O poeta e compositor Noel Tavares publicou, em 2009, seu segundo livro de poesia Andávia, em edição particular, com incentivo público. Os seus poemas falam preferencialmente de coisas cotidianas, terrenas, abrindo espaço também para o sentimento lírico, a revolta ante as injustiças sociais e a convivência familiar e fraterna. Contudo, no poema aqui escolhido, “Ode à cidade do Recife”, Tavares estabelece o seu campo de atuação urbano, ao cruzar as fronteiras marginais da cidade, ao adentrar as esquinas, ruelas, mercados e bares onde se fomentam as vivências precárias e diferenciadas dos esquecidos, dos desocupados e sem função social definida na grande máquina movida pelo sistema político-financeiro da cidade e do país. Faz referência a poetas pernambucanos como Manuel Bandeira e Carlos Pena Filho, parodiando-os. Pena Filho tem um longo poema sobre o Recife, que se situa historicamente a partir da criação da cidade, passando pela expulsão dos holandeses, até chegar ao nosso tempo, o Guia prático, onde costumes e hábitos são dissecados nos bairros centrais e nos subúrbios. É um canto que se rebela também com as vivências pequeno-burguesas da cidade, com a indiferença mostrada na relação com seus filhos, expulsando alguns deles para outras paragens. Tal como no poema de Noel Tavares, que aqui se transcreve:


Hoje, não cantarei o Recife de Manuel Bandeira,

o Recife da lira e das bandeiras liberais,

o Recife do chicote-queimado na rua da União,

do coelho; sai-não-sai, sai-não-sai.

O coelho sai? Não sai!

Hoje, cantarei o Recife das mulheres da vida

e desses homens marginais. O Recife dos loucos

que estendem as mãos e riem de si mesmos

como se fossem seres tão normais.

O Recife dos heróis, sem glória e sem nome,

cuja lista daria tranquilamente para encher as estantes

da Academia Real de Londres.

Hoje cantarei o Recife dos mangues, das palafitas,

das crianças exangues, que teimam em existir.

O Recife das crianças que andam sobre a lama

em busca de um siri.



Hoje, cantarei o Recife do: é melhor partir.

Mamãe, eu acho que vou para o Rio de Janeiro,

acho que lá não tem um rio que fede igual a esse aqui.

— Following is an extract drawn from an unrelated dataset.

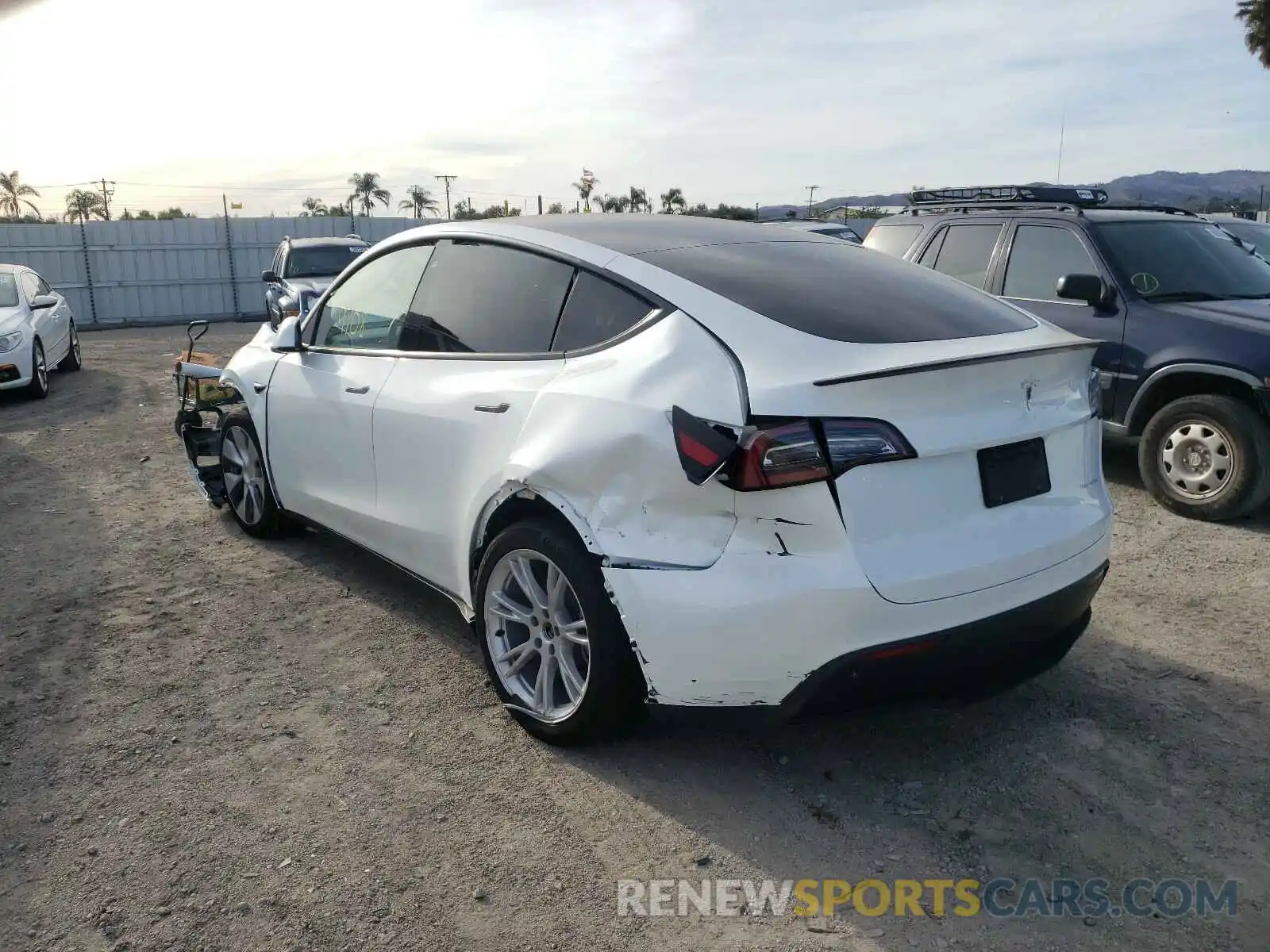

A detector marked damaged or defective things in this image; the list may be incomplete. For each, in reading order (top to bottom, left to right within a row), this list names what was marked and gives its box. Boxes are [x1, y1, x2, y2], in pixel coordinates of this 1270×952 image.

damaged front end [171, 321, 242, 510]
damaged white car [176, 216, 1112, 746]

Mas o rio Capibaribe não escuta,

porque está preocupado em invadir a várzea

para desovar a miséria.

Recife é coisa séria! Às vezes, esquisito;

ás vezes, esquistossomose.

E enquanto um delira, o outro morre

sem saber do que, por que e para que.

E lá no bar Savoy, tantos de porre!

Lá no bar Savoy, onde o poeta Carlos Pena Filho

nunca disse: Recife, eu tenho pena de você.

Hoje cantarei o Recife das pontes,

mas não da família Pontes, nem Vieira, nem Freire

e nem Bandeira. Hoje cantarei o Recife das pontes,

entre a bastança do ter e do não ter.

O Recife dos mendigos, desses artistas de circo

Que saltam do trapézio pra morrer. Tampouco

cantarei o Recife de terno, do cinema moderno,

pois o filme real desta cidade não passa mais ali.

Cantarei o Recife das igrejas, da erva e da cerveja,

do porre e do xixi.

– E eu não quero ir pra Pasárgada.

Eu quero é ficar aqui!



POEMAS DA SÉRIE INÉDITA A OUTRA VOLTA DO SOL


A CANCELA


Nada consegue gemer mais

que uma velha cancela de sítio

solitária entre as cercas

de currais e riachos, baixios

nos barrancos e várzeas, veredas

da terra abandonada.



Ali a Cacimbinha rendeu-se

em morosidade e cansaço.

E já não há moradores,

os rios são barro e areia,

os animais desertaram

a outras furnas e pastos.



Ficaram apenas as mesmas

árvores destemerosas

da mão pesada do homem

na inconstância dos dias:



Pau-d’arco, quixaba, umbuzeiro

o juazeiro a braúna o angico

que jamais desprezaram a quem

as fez de mourão ou abrigo.

Um comentário:

  1. Excelente a resenha crítica do Sinfonia para vagabundos, Luiz Carlos. Belíssimo seu A cancela. Leitura nutritiva no seu blog, feito sempre.